But I don't have anything to investigate this event. So, um. At a minimum, I would say, you know, setting budgets, getting all your observability in place. So when the activity starts to happen, you can keep a close eye on it. And then, you know, as you step back to higher tiers within the organization, I would say you need everyone on the same page.

You need the person who set that budget to understand what it means. Like if they go over and. Um, the team who's doing it to know what the budget is and how close they are so they can adjust their behavior accordingly. Like, all these people need to be kind of signed in together looking at the same information.

And so if that's not a Cloud Center of Excellence, you need to find some other way to get all that coordination happening amongst those different players.
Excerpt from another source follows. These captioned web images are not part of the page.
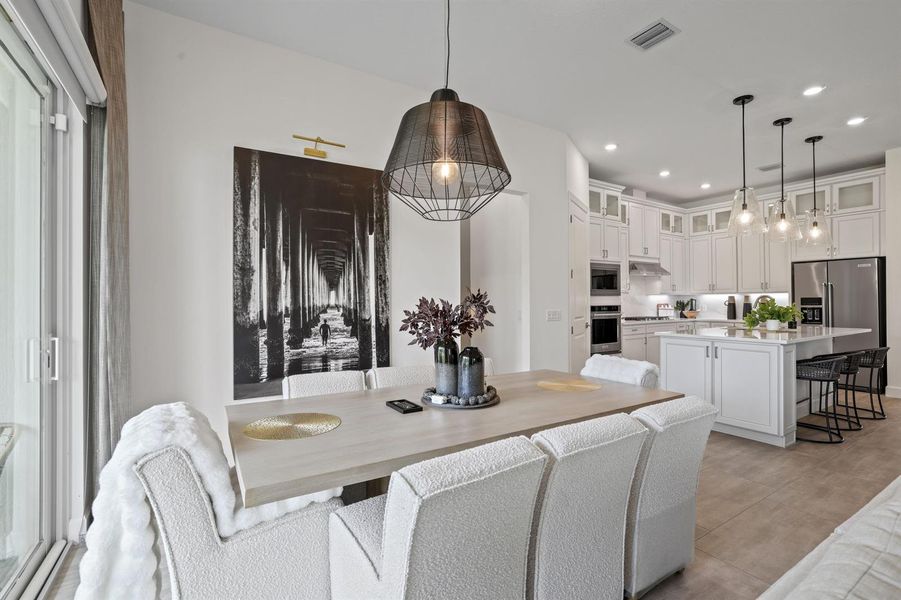 205 Geillis Path - 27.jpg-FULL 205 Geillis Path - 27.jpg-FULL
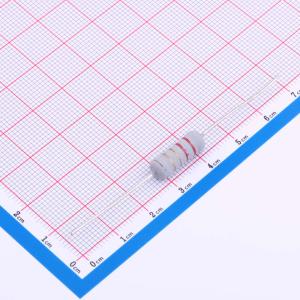 EWWR0003J2R20T9商品缩略图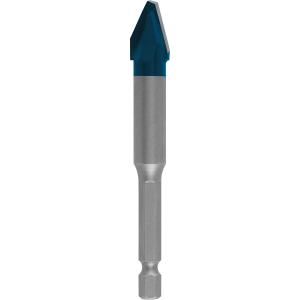 Expert Hex-9 Hardceramic Borr 12X90 Mm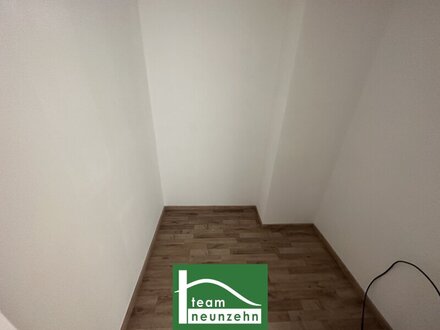 GEMÜTLICHKEIT KENNT KEINE GRENZEN! STYLISCHE 2 ZIMMER WOHNUNG MIT BALKON! TOP INNENAUSSTATTUNG!. - WOHNTRAUM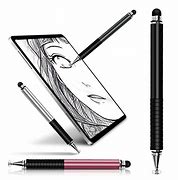 Image result for Phone Pen for Drawing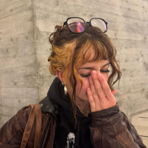 sunnyscloset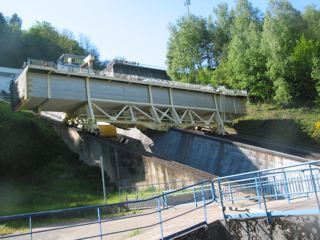 IMG_5167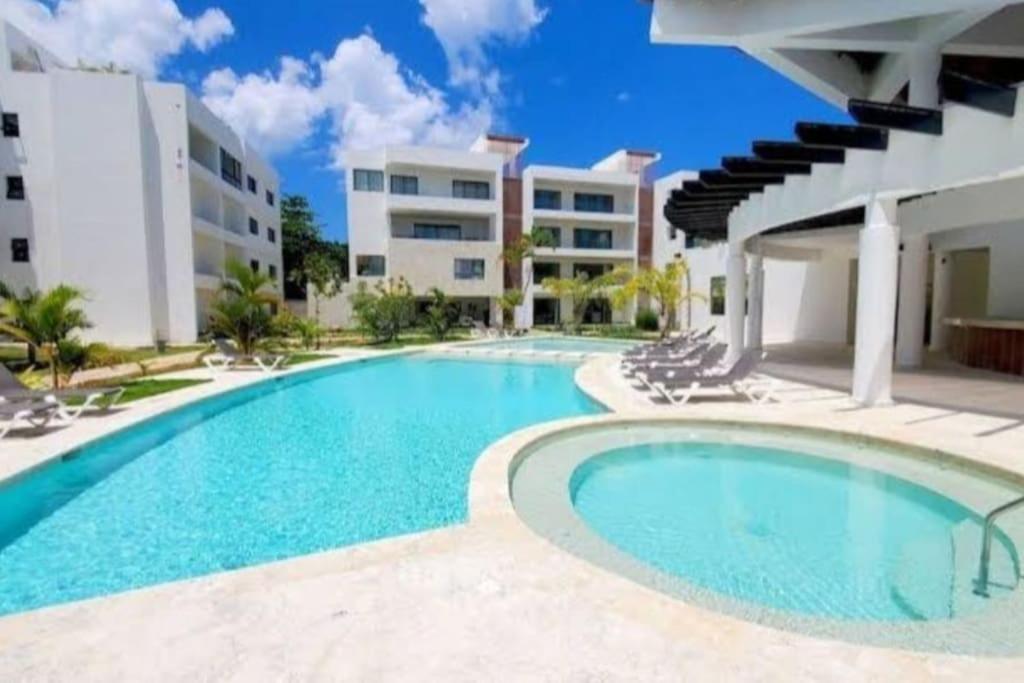 Casa Apartamento residencial Las Terrenas, Las Terrenas (updated prices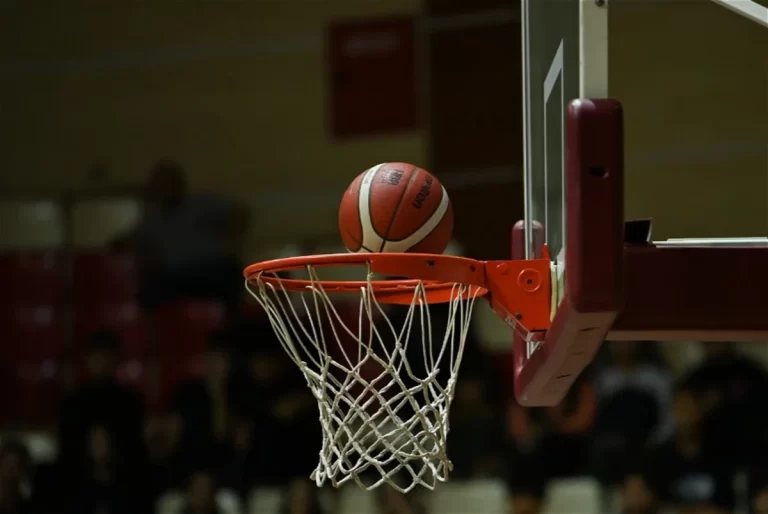 QBaTvr0jNW1oFoge8TQ9J0K7Ec4tUavwvl8QMnVE_1200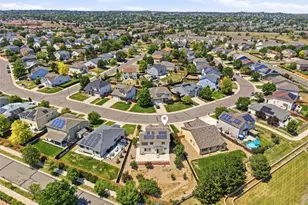 12630 Jersey Circle, Brighton, CO 80602 - Photo 35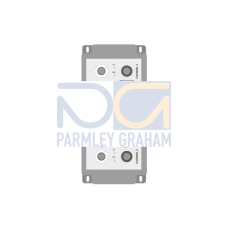 Compact Repeater D1-M12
Greg Alhiem: Man, that's just, it's so much to, to think about. I did giggle to myself a little bit when you were talking about the budget because I, I can remember when, when I was learning, uh, AWS the, you know, on my own credit card, like the very first thing that, that I learned was put a budget in place because you don't want to make one mistake, and then, you know, you get a, you get a bill, right.
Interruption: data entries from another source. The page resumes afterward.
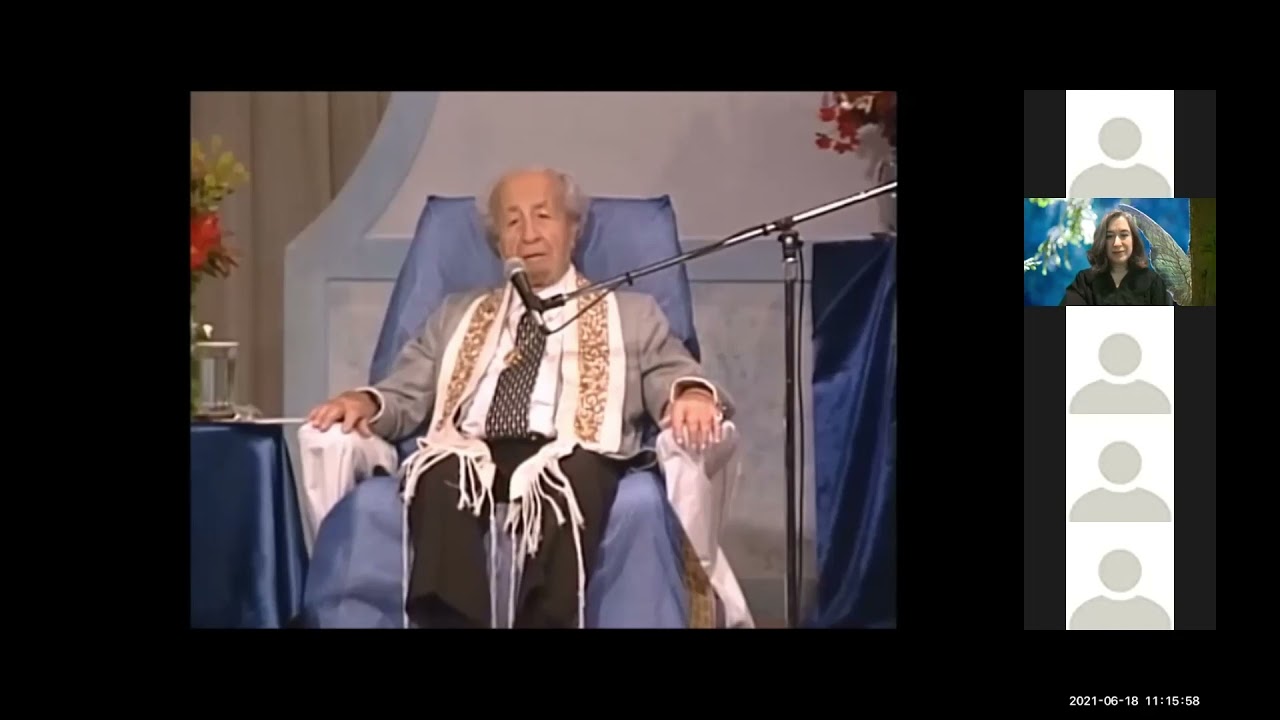 TNS 2021 Graduation Ordination Final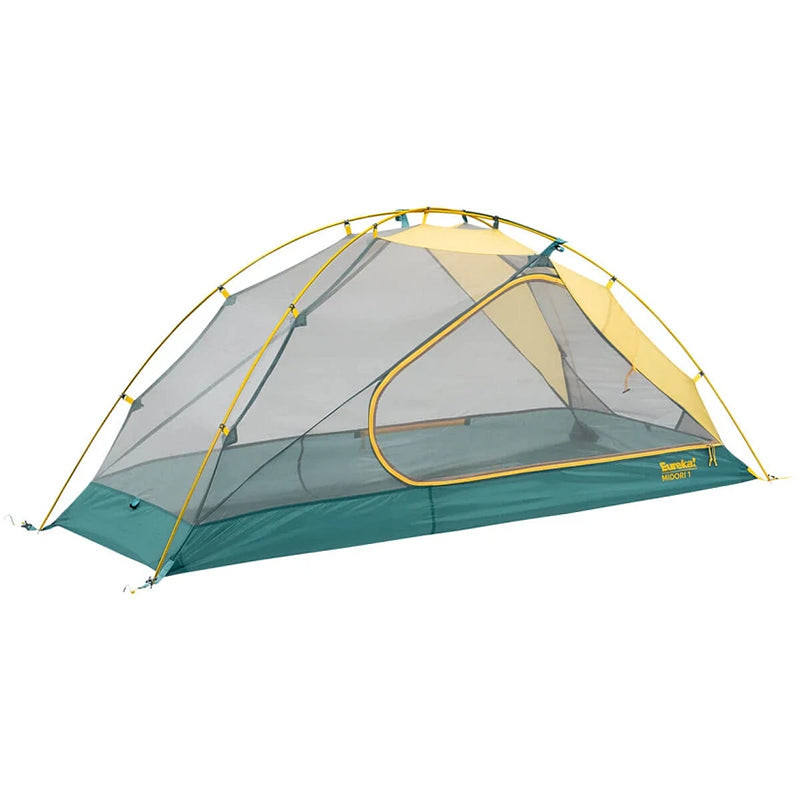 sun blocking tent Beach Shelter – UPF50+ UV Protection Windproof Lightweight Ca – Traverseon 6' x 9' Sonnensegelmast Pfosten Edelstahl VA 7M Glass Dome Kits:Bathroom there’s plenty of space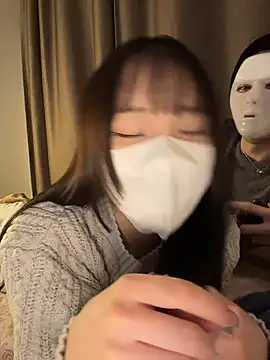 NINOoHard-Engine online show from 12, 3, 2026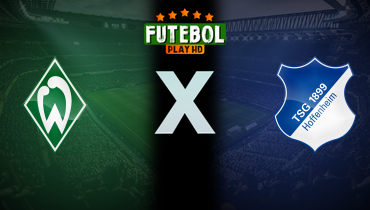 Assistir  Futebol Play HD ao vivo em HD Online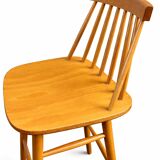 Bar stools restaurant pub tavern type Fanett design Tapiovara Bistro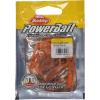 imageBerkley PowerBait Power Nymph Smoke Orange 1quot 12 Count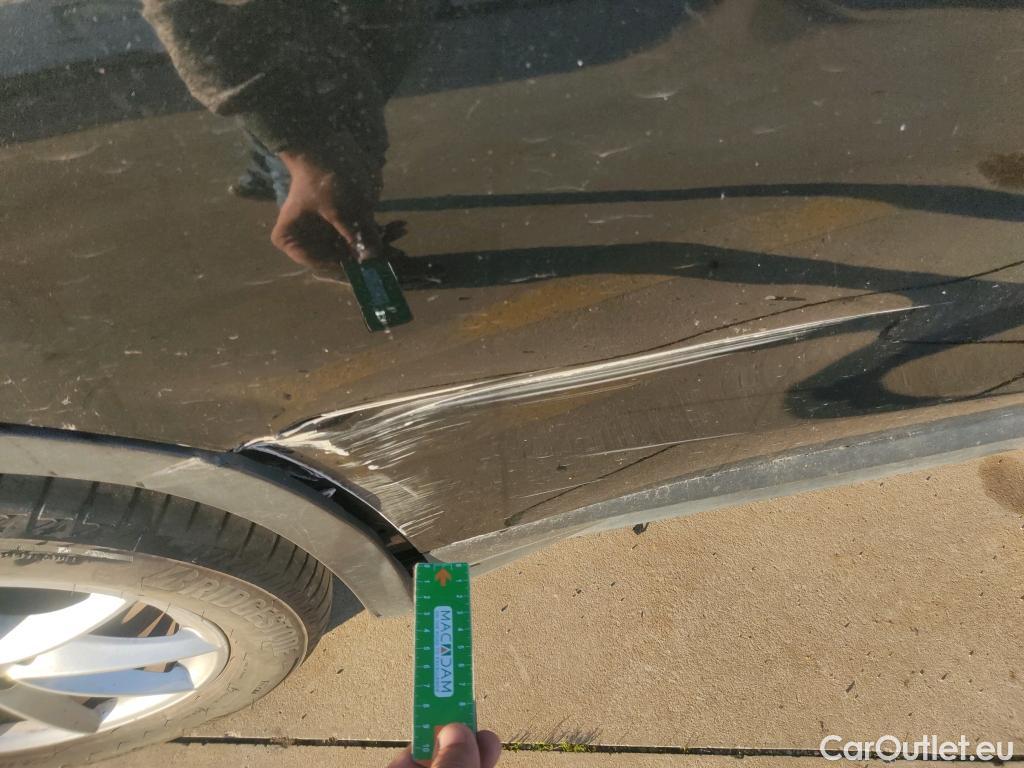  Bmw  X1 BMW  / 2019 / 5P / todoterreno sDrive16d Business #4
That totally changes your life trajectory.

Lukas Karlsson: Right. Oh my, I mean, I've thought, you know, you've seen these stories on the internet. If someone gets this huge bill and I'm like. Okay, that's a company, but. The risk is no lower for me. Like I could easily commit my service account key to a public repo by mistake, and then I could get hacked and I could have a 30,000 bill.
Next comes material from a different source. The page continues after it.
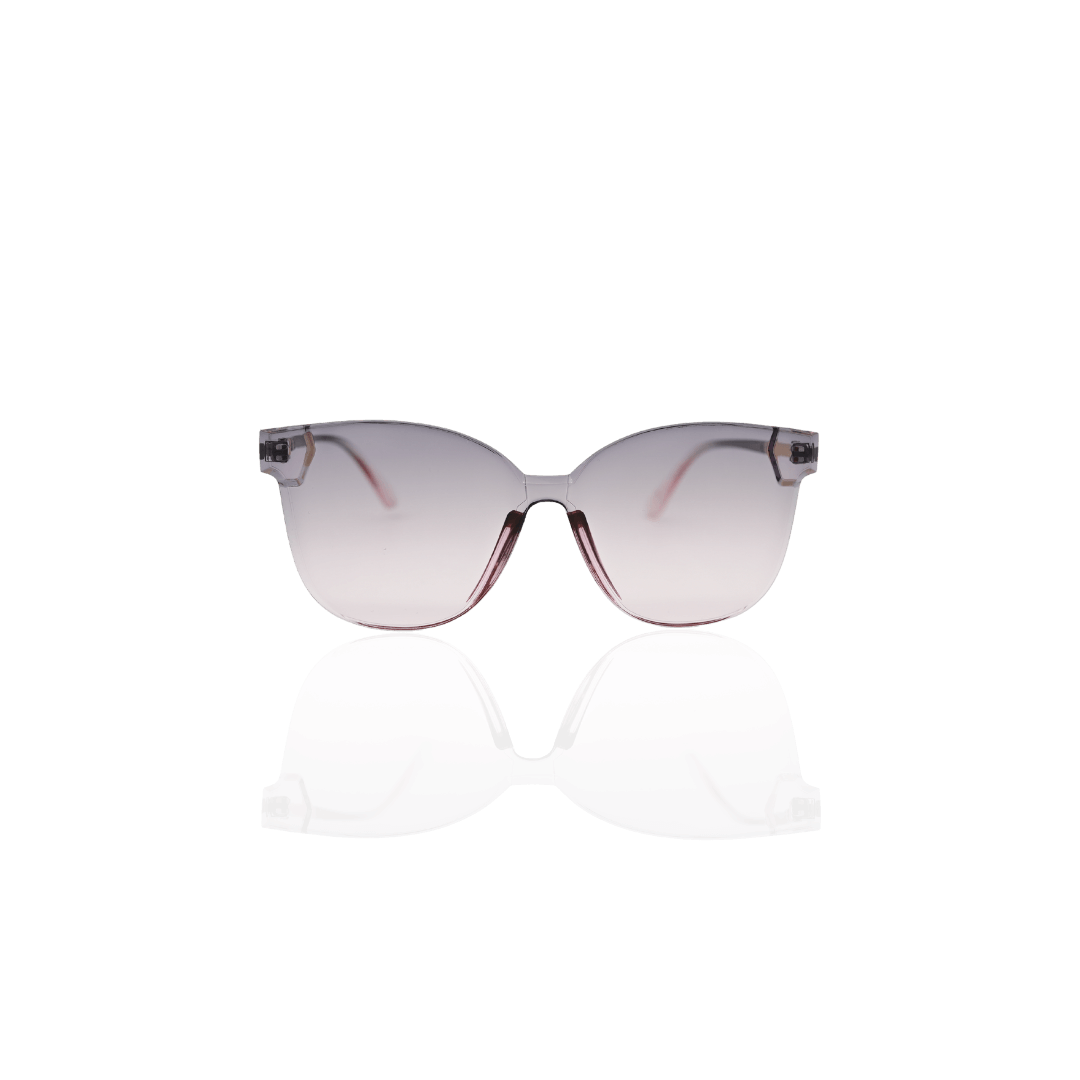 Crystal Frame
And so like, there's no way I could write a check for that, you know, that would be devastating. And so, yeah, I like, I'm maybe even more cautious about it with my own accounts, but. Even I even, uh, get the benefit because I'm a partner with multiple cloud providers. I get some credits that I can use to purchase cloud services, you know, automatically.

And like, I monitor those accounts just as closely because I had an experience once where I got lazy. I was like. Oh, I got a nice, uh, healthy credit in there that should last me a year. I don't even need to think about it. And, you know, for six months, I'm not, my card is not being charged at all because I'm benefiting from this sizable credit.

And then one day I have a charge of like hundreds of dollars that I don't even recognize. And I'm like, what happened here? And it was like, Oh, I changed something, didn't, wasn't paying attention, burned up the whole free credit that I had, and now it's actually charging my credit card. And so it's like scrambling to try and resolve this.

And again, this is just me as an individual person. Can you imagine the risk that's involved when you have potentially dozens or hundreds of practitioners who are each able to make a costly mistake very easily. It's just, you expose yourself to so much potential risk there. And that's why folks need to get ahead of it early.

(33:19) Managing Cloud Complexity

Greg Alhiem: So, you know, when I think about that risk and, and, you know, it's not just You know, cloud cost. It's it's security. It's, you know, all the things. Um, and then you do that across mobile. If you have a multiple multi cloud strategy, right? Um, I guess that's what gives rise to all the tools where the, you know, the tools are point that to You know, AWS, Azure, Google, and it's, you know, they're kind of aggregating all of that.

Uh, I guess sort of, uh, they're tying in API to the native capabilities. I'm not sure how all that works, but they're giving you a single pane of glass to say, um, you can look here, uh, for cost opportunities, cost reduction opportunities. You can look here for security, best practice violations, and even. Now starting to see, even for, you know, to monitor drift against your compliance state.

If you, if you have like a compliant, uh, you know, regulatory compliance, some other compliance that you adhere to. So now, if you have a multicloud strategy, you have to have, someone managing a tool that now aggregates all of that. So that's like another layer of complexity in there, right?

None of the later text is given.